During one of our in-company white hat hacking activities, I took the opportunity to examine several 3D printing open source products. One of them was UltiMaker Cura, a popular slicer that according to UltiMaker’s website is trusted by millions (more on slicers soon). After scanning Cura with Checkmarx SAST, I uncovered a potential lead for code injection vulnerability, now tracked as CVE-2024-8374.
In this blog post, we’ll examine the vulnerable flow and exploitation of CVE-2024-8374. We’ll also share insights into the impact of such vulnerabilities on the open source 3D printing community. Finally, we’ll highlight key takeaways from UltiMaker’s excellent response.
Introduction
Slicers
First things first, what exactly is a slicer?
Simply put, a slicer is a program that is responsible for transforming a 3D model into a set of instructions (i.e. a gcode file) that the 3D printer can follow to physically print the model.
Slicing is a vital part of the 3D printing process, and it cannot be skipped. As the name suggests, the slicer divides the 3D model into layers and provides a set of instructions for each one, such as temperature, speed, and more. The printer then processes these instructions, layer by layer, when printing.
A typical flow of printing a 3D model is:
- Obtaining a model (e.g., download from a public model database or design it yourself)
- Slicing the model (e.g., with UltiMaker Cura)
- Hit PRINT
- Enjoy the 3D print
3D Models Formats
Before diving into Cura’s source code, we need to take a step back and first discuss the file formats used in 3D printing. There are different 3D models formats, each with different properties and purposes.
The most popular format for 3D printing is called STL. Another popular format is the 3MF that is essentially a ZIP archive with the `.3mf`extension holding the model data in XML along with a collection of metadata files.

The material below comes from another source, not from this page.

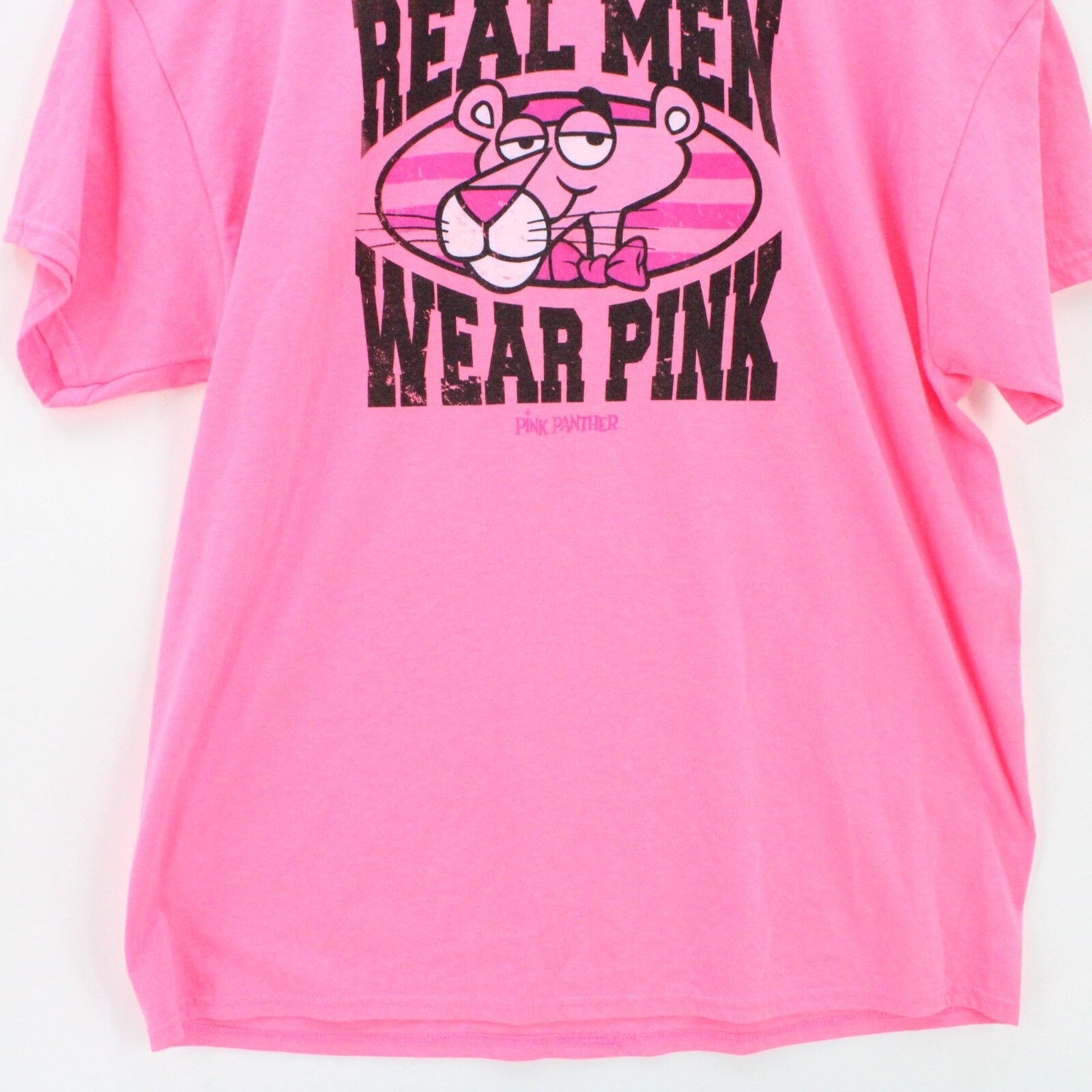 Vintage Pink Panther TShirt Mens Pink Short Sleeve Real Men Wear Pink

The popularity of 3MF is rapidly growing because it adds capabilities that the well-known STL format doesn’t provide, such as color printing. It’s also gained popularity because it is backed by industry leaders including Autodesk and Dassault Systèmes. All of these make it one of the most widely used formats for 3D printing.

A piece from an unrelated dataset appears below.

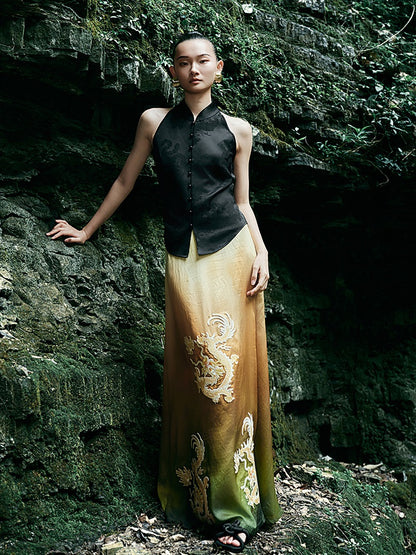 HECO Chinese blended gradient golden dragon embroidered straight skirt - RELY.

Most importantly, it serves as our payload entry point.
The Vulnerability
Our journey to Cura’s source code starts in the `_read` method of the `3MFReader.py` plugin, which is responsible for loading 3MF models into Cura before slicing.
Let’s start by examining this method (the important lines are highlighted in yellow):
- The function accepts a `file_name` parameter, which is the path to the 3MF model we want to slice (line of code).

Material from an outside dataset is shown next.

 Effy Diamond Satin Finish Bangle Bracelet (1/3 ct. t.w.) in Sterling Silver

- The 3MF model is then parsed by a ZIP reader (as mentioned earlier, a 3MF file is a ZIP archive) (line of code).
- The file `3dmodel.model` is read from the archive. This file contains the actual model data in the XML format. Note that Cura stores this information in a variable called `scene_3mf` (line of code).
- Transforming each node from our 3MF file into an UltiMaker format. Note that the `node` is passed in the first parameter of `_convertSavitarNodeToUMNode` (line of code).
Examining the flow further, we can move forward to `_convertSavitarNodeToUMNode`. This function is quite long, and most of it is not relevant to us, so we’ll only focus on the specific lines which our input flows to:
The `node` variable passed by the `_read` function is now called `savitar_node` inside the function `_convertSavitarNodeToUMNode` (line of code)
- Settings are extracted from the `savitar_node` (line of code)
- If `settings` is defined, Cura tries to add them (line of code)
- While iterating each setting, Cura may find that the `drop_to_buildplate` is defined (line of code)
- Once that happens, the value of this setting will end up in a call to `eval` which results in code execution (line of code).
Exploitation
By now it seems that we have a weakness because we didn’t see any kind of sanitization in the execution flow.
To exploit it, we need to verify that we can control the `drop_to_buildplate` property and, if so, to understand the valid XML structure in which we can place the payload.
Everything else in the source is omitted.